API calls for OpenMonarch currently depend on HTTP requests to Replicate, which hosts the model on their own website. This adds an extra layer of complexity for the user, as they need to generate an API key and are limited in the number of requests they can make.
On the long run, model also needs to be continually trained, as it currently struggles with more abstract images or identifying details in images where the subject matters (e.g., celebrities in newspapers, explanatory diagrams, etc.)
Currently, OpenMonarch only detects images with a src attribute. This leaves out images that are presented through a div, iframe, etc. There should be a greater scope in terms of targeted images.
Images with any format other than .png, .jpg, or .gif are also ignored (due to Replicate limitations). If the model is moved locally, there should be some way to convert as many image formats as possible to those understood by the model.
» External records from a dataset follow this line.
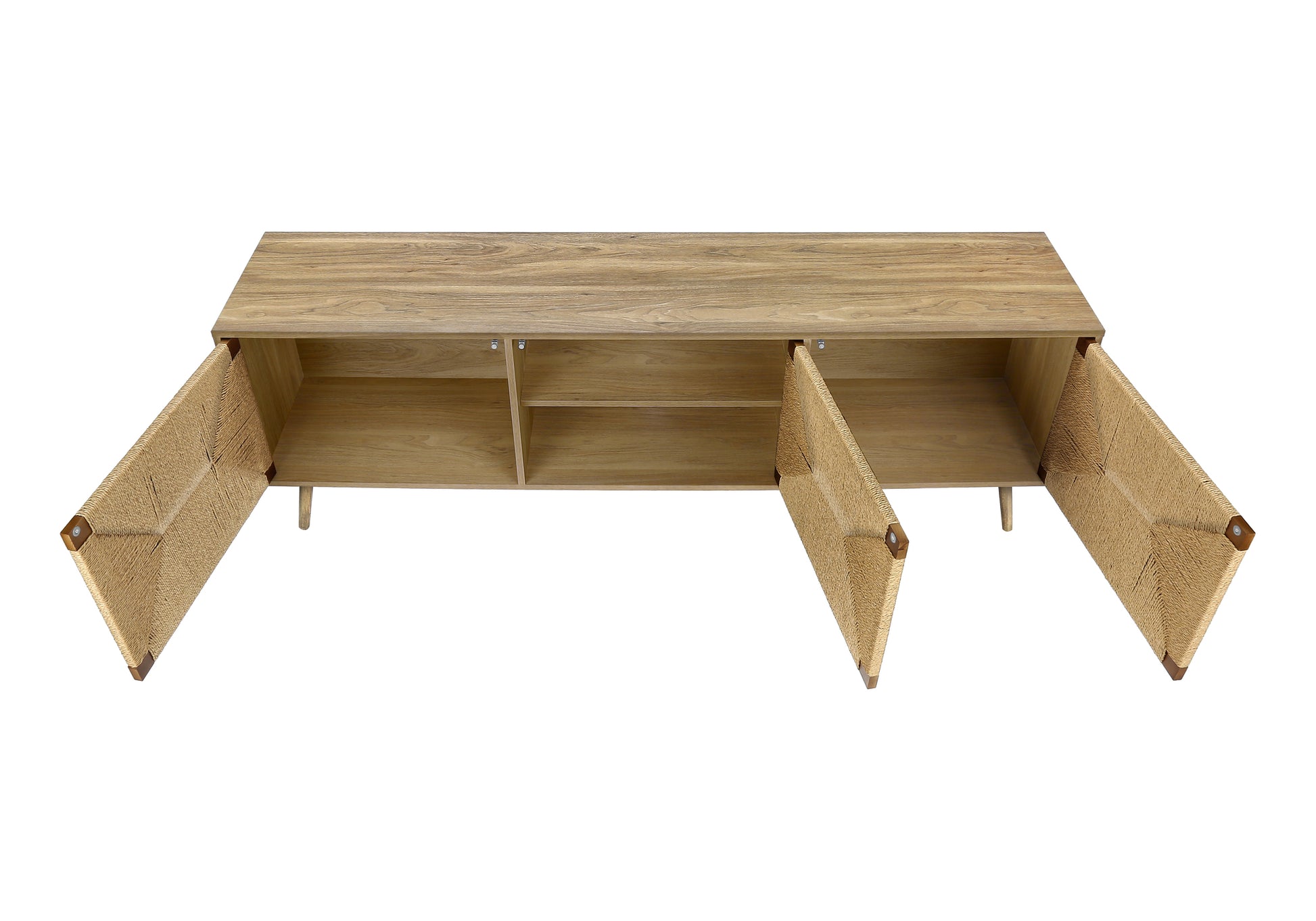 TV STAND - 72"L / LIGHT WALNUT / SEAGRASS WITH 3 DOORS-Tv Stand-DECOROLALA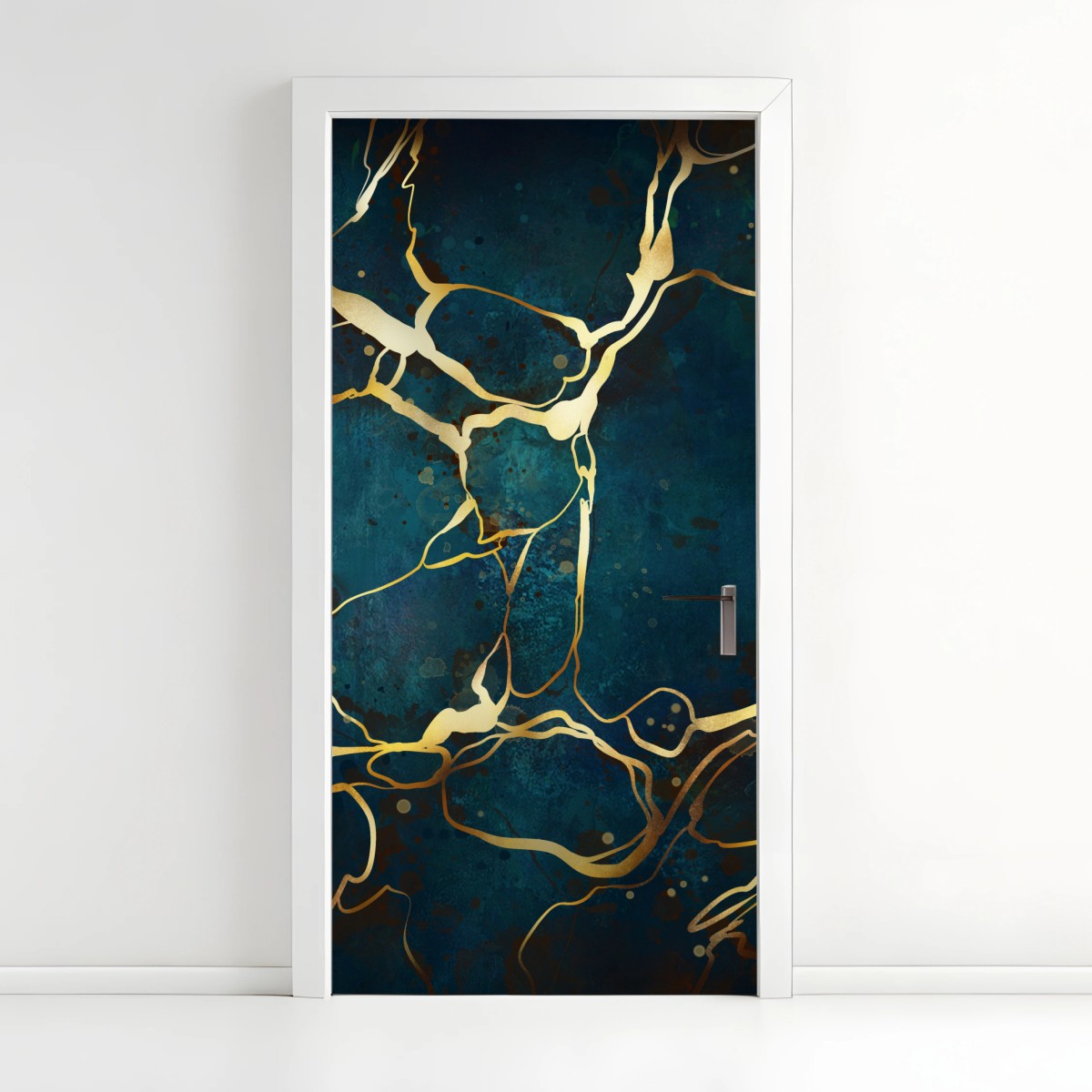 Türaufkleber türkis und gold abstrakt mit goldenen adern – Wallnifity®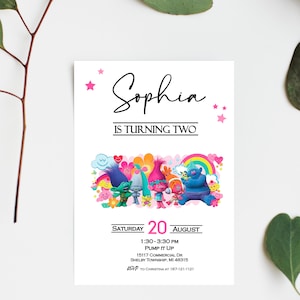 Trolls Birthday Invitation: Pastel Colors, Poppy Party (JPEG File)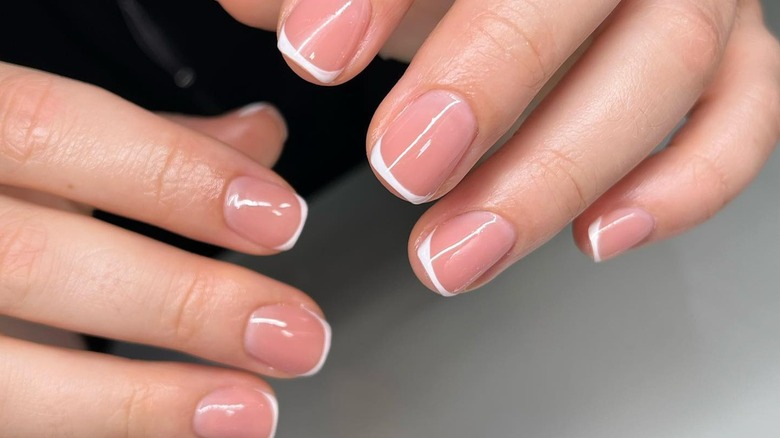 classic micro french tip manicure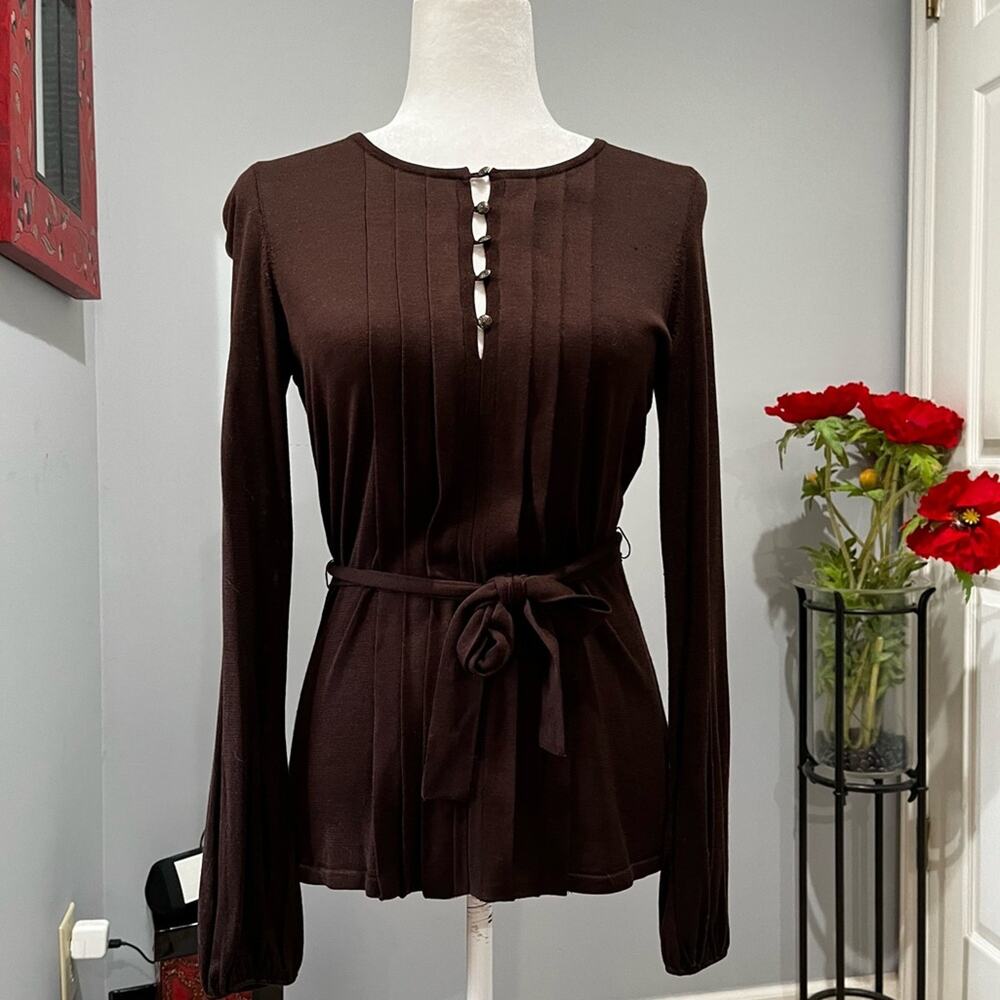NEW Dana Buchman Silk Pleated Button Belted Tie Waist Bell Sleeve Sweater P NWOT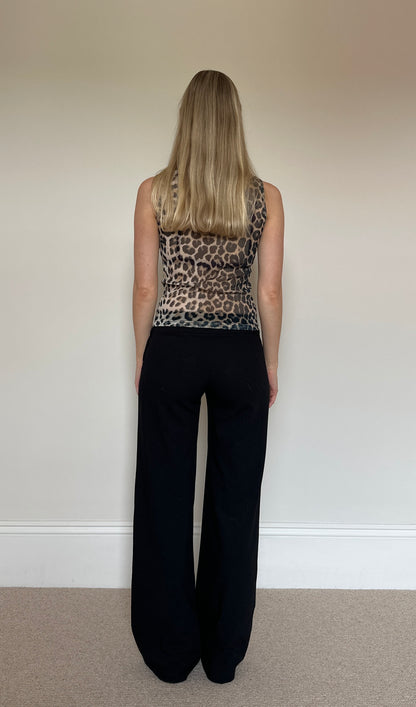 Vintage leopard mesh top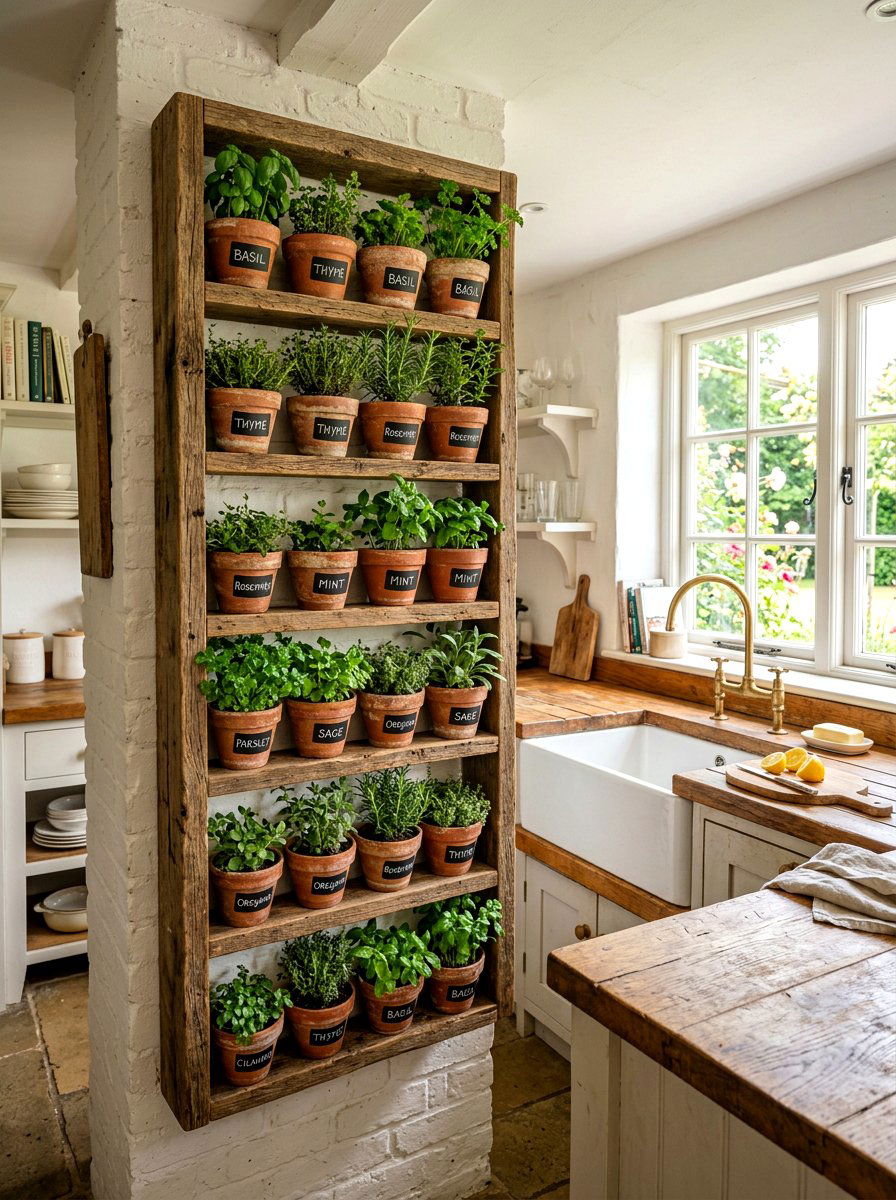 Reclaimed wood herb rack - 30 kitchen herb shelf ideas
Currently, content-script provides generated image descriptions as an alert to the user (which is semi-accessible to screen readers). However, it should also add the description as alt text for the image, as that will reduce the number of calls to the API needed and streamline the captioning process.
On the long run, descriptions could also be cached, so that images which have been described before don't need to go through the same process again.
["<all_tabs>"] statement in match area for content-script delays review in Chrome Web Store and creates security vulnerabilities. activeTab can be used in conjunction with scripting to inject content scripts whenever a command is called.